独Ifo景況感指数 ドイツ5大研究所に数えられるIfo経済研究所が全ドイツの約9000社を対象とする調査を基に作成する景況指標。製造業、建設業、卸売業、小売業などを対象に現況と半年後の期待について5段階評価でアンケートを実施。現況指数、期待指数も同時に発表し、両者を基に総合指数を算出する。算出の現行基準年は2015年。
グッドフライデー キリスト教でのイースター(復活祭)前の金曜日。イエス・キリストが十字架に架けられた日とされている。イースターは春分の日以降で最初の満月を迎えた後の日曜日となっており、3月22日から4月25日の間のいずれかの日曜日となる。米国では国を挙げての祝日ではないが、ニュージャージーなど12の州で祝日となる。NY州では祝日ではないが、NY証券取引所などは休場となる。

今週の注目指標

米ISM製造業景気指数(3月)
4月3日23:00
☆☆☆
前回2月の米ISM製造業景気指数は47.7と、1月の47.4から小幅に改善したが、4カ月連続で景気拡大・縮小判断の境となる50を下回った。先行指標とされる新規受注は大幅に改善したが、雇用が50超えから49.1に悪化した。今回は47.5と小幅の鈍化が予想されている。新規受注は改善傾向が続く見込みだが、その他部門は鈍化が見込まれている。市場予想前後であれば相場への影響は限定的とみられるが、予想を下回る弱さを示した場合や雇用部門の落ち込みが厳しい場合は1ドル=131円台に向けてドルが売られそうだ。
豪準備銀行政策金利
4月4日13:30
☆☆☆
 豪準備銀行(中央銀行)は金融政策委員会の結果を4日に発表する。政策金利の市場予想は現行の3.6%での据え置きと0.25%利上げで分かれている。1、2月は豪消費者物価指数の伸び率が市場予想を下回り、昨年12月の前年比+8.4%から今年2月には前年比+6.8%へ減速した。こうした状況から専門家予想の約2/3が据え置きとなっている。ただ、利上げ予想の割合も無視できず、どちらになった場合でも相場に影響を与えるだろう。利上げ決定なら1豪ドル=0.68ドルに向けて豪ドルが上昇するだろう。
米雇用統計(3月)
4月7日21:30
☆☆☆
 前回2月は非農業部門雇用者数が前月比+31.1万人と市場予想の+22.5万人を大幅に上回った。しかし、失業率が3.6%と市場予想(前月比横ばいの3.4%)から悪化し、平均時給の伸びが前月比、前年比ともに1月を下回ったことから利上げ観測が後退し、ドル売りが広がった。

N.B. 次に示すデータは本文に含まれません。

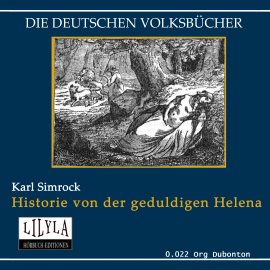 Hörbuch Die geduldige Helena  - Autor Karl Simrock   - gelesen von Schauspielergruppe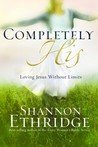 Completely His: Loving Jesus without Limits Completely His: Loving Jesus without Limits
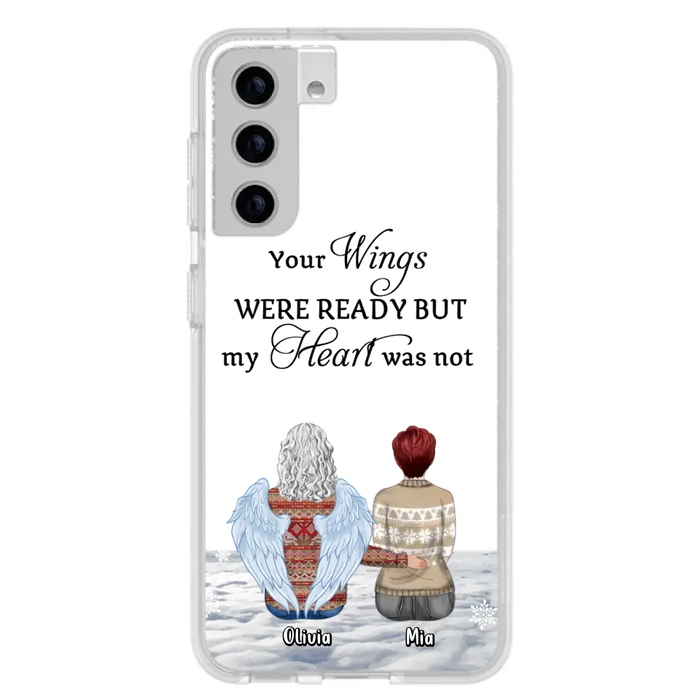 Personalized Memorial Phone Case - Up to 5 People - Gift Idea For Family - Your Wings Were Ready But My Heart Was Not - Case For iPhone/Samsung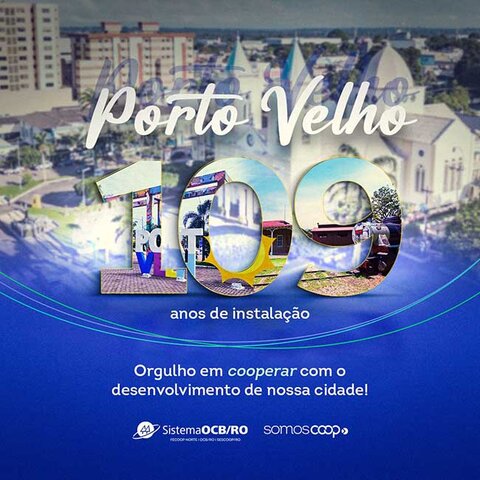 Porto Velho 109 anos: o cooperativismo também faz parte dessa história - Gente de Opinião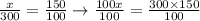 \frac{x}{300} = \frac{150}{100} \rightarrow  \frac{100x}{100} = \frac{300\times 150}{100}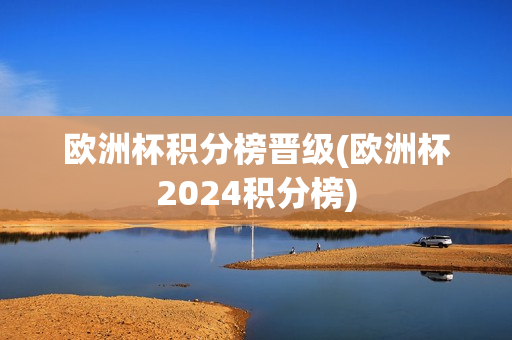 欧洲杯积分榜晋级(欧洲杯2024积分榜)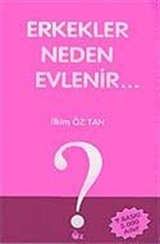 Erkekler Neden Evlenir?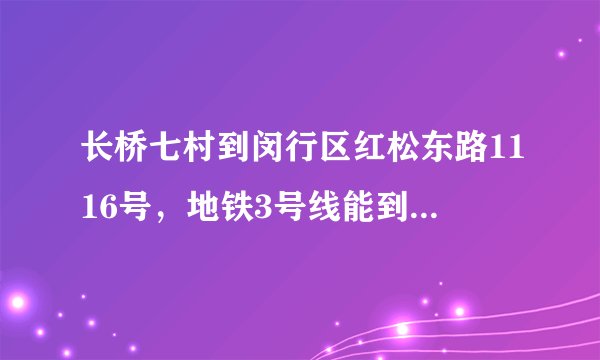 长桥七村到闵行区红松东路1116号，地铁3号线能到吗，到那里下？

 情報通信技術(ICT)部門の弱さが目立ち、情報業は前月比-2.5万人と3カ月連続で減少した。また、1月に改善の兆しを見せた運輸・倉庫業が-2.2万人となった。一方、1月に雇用者が大幅に増加した娯楽・接客業は2月も+10.5万人と好調さを保ち、景気に敏感な小売業の+5万人とととに全雇用者の増加を支えた。
 今回は+24万人と、前回から雇用者の増加ペースが鈍化する見込み。市場予想通りなら昨年12月以来3カ月ぶりの低い伸びとなる。もっとも、+24万人は弱い数字ではない。新型コロナ流行前の2019年までの10年間は1カ月平均が18.3万人増となっており、20万人超えが強さの目安だった。失業率は前回と同じ3.6%が予想される。こちらもかなり強めの水準と言える。2月まで3カ月続けて労働参加率が改善しており、米国の雇用市場は依然として堅調だとの印象が強い。市場予想前後の数字が出てくると、5月の米連邦公開市場委員会(FOMC)での0.25%利上げ観測を補強し、1ドル=135円に向けてドルの上昇が強まりそうだ。